These cheesy risotto balls are a tasty adaptation of the classic Italian arancini. They have a molten mozzarella centre, spicy tomato rice and a crispy outer layer. They work great as both a snack or a starter.
The name arancini literally means “little orange”, because they’re round and… sort of orange? Honestly, I think the person that came up with the name, might have been in need of a pair of glasses. Arancini don’t always look like a ball either. Because in Sicily, arancini come in a cone shape as well.
Sicily also happens to be the place where arancini are originally from. Sicilians have been making them as far back as the 10th century. Sicilian arancini are usually filled with ragù sauce, mozzarella cheese and peas. These arancini al ragù aren’t the only option though. Mushrooms, cheese, crab, curry or chocolate: pretty much anything goes when it comes to fillings these days.

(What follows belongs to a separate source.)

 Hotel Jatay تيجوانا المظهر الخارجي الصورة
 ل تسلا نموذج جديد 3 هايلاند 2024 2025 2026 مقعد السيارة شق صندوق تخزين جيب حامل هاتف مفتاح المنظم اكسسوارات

With this recipe for arancini, I’ve kept things simple. With a centre of mozzarella and a layer of tomato rice, these risotto balls are great as a snack or starter.

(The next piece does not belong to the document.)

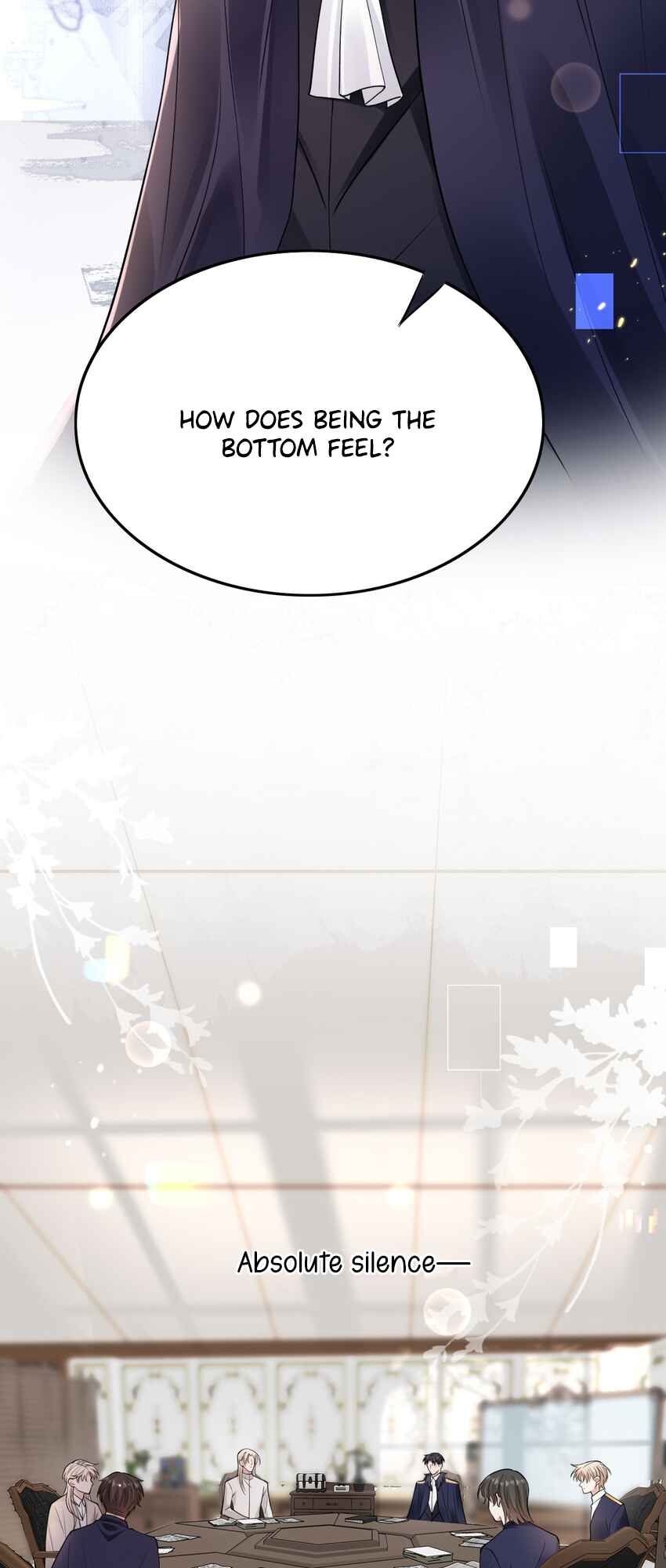 Vindicating the Villain Chapter 10 - Page 16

Making arancini is a great way of using up leftover risotto rice. However I have to admit, that that is something we never have in out household. We tend to just eat all our risotto… But there’s no need to worry if you don’t have any left-overs either. You can also just cook some rice especially for this recipe. Just make sure you cook it in advance, so it has a chance to cool before you use it.
To cook the risotto, I used the same method as a used for our Easy Oven Risotto.